Assigned task. Transcribe the data below verbatim from the line with "a living room" to the line with "Selfie of two". Include both of those lines.

Source data.
=======

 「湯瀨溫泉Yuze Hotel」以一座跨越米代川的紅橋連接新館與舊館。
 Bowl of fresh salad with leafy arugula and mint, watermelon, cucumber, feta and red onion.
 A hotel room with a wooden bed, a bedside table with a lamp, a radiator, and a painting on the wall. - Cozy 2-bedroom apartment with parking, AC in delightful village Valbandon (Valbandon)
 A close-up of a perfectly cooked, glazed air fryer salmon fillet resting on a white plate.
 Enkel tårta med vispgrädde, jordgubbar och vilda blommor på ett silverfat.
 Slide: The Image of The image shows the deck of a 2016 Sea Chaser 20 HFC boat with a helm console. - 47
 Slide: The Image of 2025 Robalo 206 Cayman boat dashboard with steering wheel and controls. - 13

=======

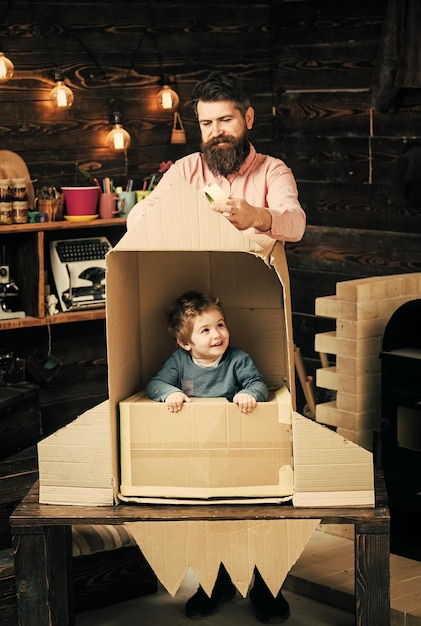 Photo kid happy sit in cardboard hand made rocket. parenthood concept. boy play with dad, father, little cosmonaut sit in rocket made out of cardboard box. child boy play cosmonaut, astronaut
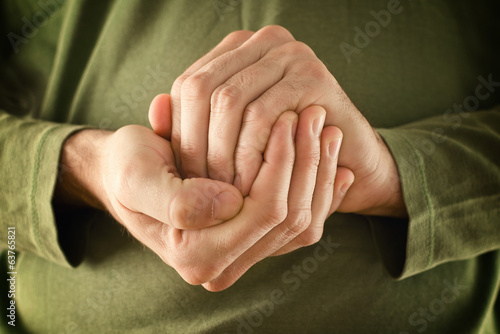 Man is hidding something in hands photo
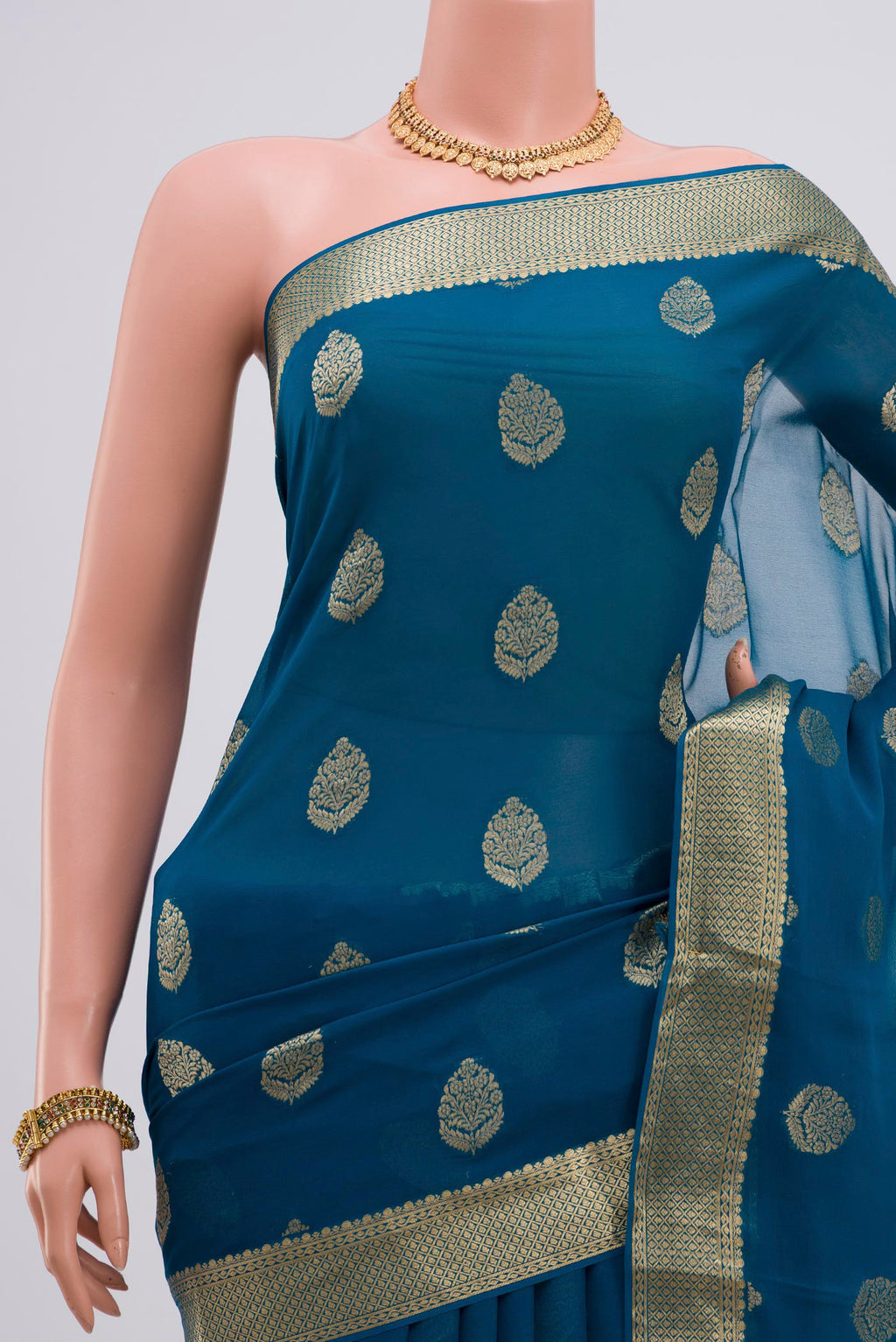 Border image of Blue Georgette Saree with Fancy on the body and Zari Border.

=======

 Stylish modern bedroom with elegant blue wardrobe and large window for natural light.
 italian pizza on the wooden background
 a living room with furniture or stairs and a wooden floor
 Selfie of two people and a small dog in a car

=======

The answer.
 a living room with furniture or stairs and a wooden floor
 Selfie of two people and a small dog in a car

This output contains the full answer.